Former presidents
Even less clear are the intentions of former presidents Akbar Hashemi Rafsanjani and Mohammad Khatami, whose moderate candidacies would radically alter the contest. Both appear reluctant to stand unless given the nod from Khamenei but neither have ruled themselves out.
"I will not enter the field without his consent," Rafsanjani said this week, according to the Mehr news agency. "If circumstances are such that there will be conflicts and disputes between me and the leader, we will all lose."
He was president from 1989 to 1997. Khatami, a reformist who succeeded Rafsanjani until 2005, retains much popularity, especially among secular middle classes, youth and women voters.
"Khatami is definitely the most loved," said a social media consultant in Tehran working for a reformist campaign. "Everyone is waiting for his response. The Qalibaf and Velayati staff are calling his office constantly to see if he will run."
Both Rafsanjani and Khatami have been sidelined since 2009 and their association with reformist leaders Mirhossein Mousavi and Mehdi Karoubi - losing candidates to Ahmadinejad in 2009 and under house arrest for more than two years - has attracted sharp criticism from hardliners.

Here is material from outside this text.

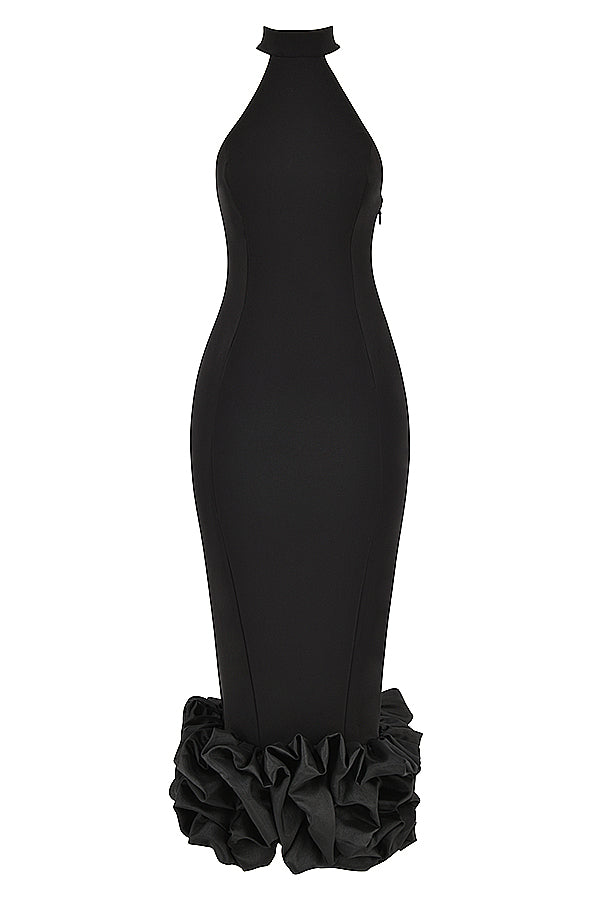 Elegant Black Halter Midi Dress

Mainstream contenders are not the only ones facing pressure from the authorities. Hooshang Amirahmadi, an academic living in the United States, intends to take part in the election to call for economic reform and ending confrontation with Washington but said that officials have tried to discourage him from standing.
"I was in Tehran two weeks ago and they told me to stay away," he told Reuters from New Jersey, where he is a professor of planning and public policy at Rutgers University.
"They said that my safety is in danger. They are really nervous and that surprises me."